Some of this year's bestselling non-fiction titles have been wartime memoirs written by recent veterans of Special Ops, and the wars in Afghanistan and Iraq wars. The writing hasn't always been heralded, but the candor with which men like Ex-Navy SEAL Team 6 member Matt Bissonnette, and General Stanley McChrystal have shared the realities of war is worthy of commendation.

"The Yellow Birds," a fictional account of the Iraq war written by Iraq war vet Kevin Powers combines the best of both those worlds: Powers, a trained poet, articulates he and his comrades' story with the gritty lyricism of Cormac McCarthy, and reality of someone who tasted the sandstorms, had everything to lose, and stood for something bigger than himself anyway.

Unlike other war memoirs released this year like Bissonnette's infamous "No Easy day" and General McChrystal's "My Share of the Task," 32-year-old Powers mines fiction for the real truth of the war. A machine gunner in Iraq from early 2004 to 2005 who came back to earn degrees from Virginia Commonwealth University, and the University of Texas, where he was a Michener Fellow in poetry, Powers wrote "The Yellow Birds" to explain what the war was like in the easiest way he knew how.    

"He's written fiction that seems more real than the 'real' thing-in this case, nonfiction about the same subject-which is what art is supposed to do," said The Daily Beast. 

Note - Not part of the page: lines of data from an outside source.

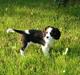 Cavalier king charles spaniel Luna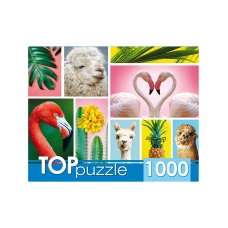 TOPpuzzle. ПАЗЛЫ 1000 элементов. ГИТП1000-4137 Модный коллаж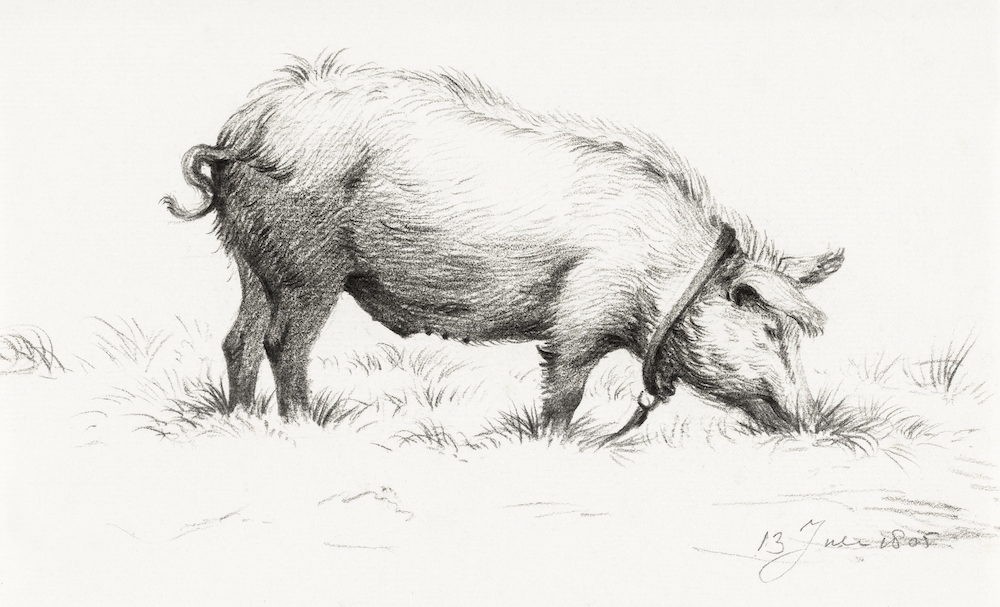 Standing pig in the grass (1805) by Jean Bernard (1775-1883). Original from The Rijksmuseum. Digitally enhanced by rawpixel.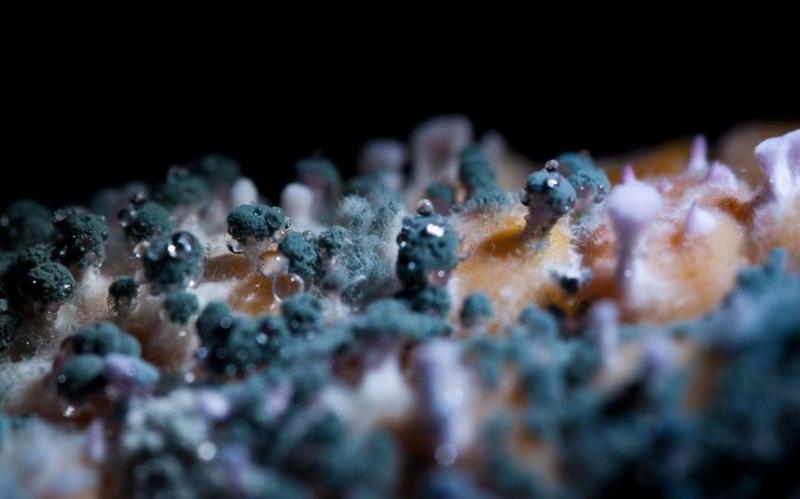 Những lưu ý và cách bản quản sản phẩm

Powers' novel opens in 2004 when two soldiers, protagonist 21-year-old John Bartle, and a teenaged fellow soldier, Murphy, meet in boot camp on the eve of their deployment to Iraq. Bartle makes a promise to Murphy's mother to bring her son home safely, the two become quick friends, and Bartle takes the younger soldier under his wing as they trudge through their tour.

"Powers ... eyes the casual violence of war with a poet's precision but without romanticism, moving confidently between scenes of blunt atrocity and almost hallucinatory detachment with Hemingway-like economy and prose that shimmers like desert heat," The Daily Beast continued.

Powers wrote the novel a year and half after returning home from the war, while he was still searching for answers about his time fighting in the Iraq conflict.

"I didn't try to make a political statement, but I think any novel that deals with war, how it really is, is anti-war by default," said Powers in an interview with Time.

He added, "... It made sense to use a story as lens through which I could think about my own experience and the larger questions about what it meant to be a soldier in that particular conflict. And more generally, what is the effect of having had that experience and how you return to something resembling normalcy."

Powers plans to follow "The Yellow Birds," his first book, with a collection of poetry and a novel set in Virginia after the end of the Civil War.

"No satirical romp, 'The Yellow Birds' is an elegaic, sober and haunting coming-of-age war story," said Time in its review.

"The Yellow Birds" is available now.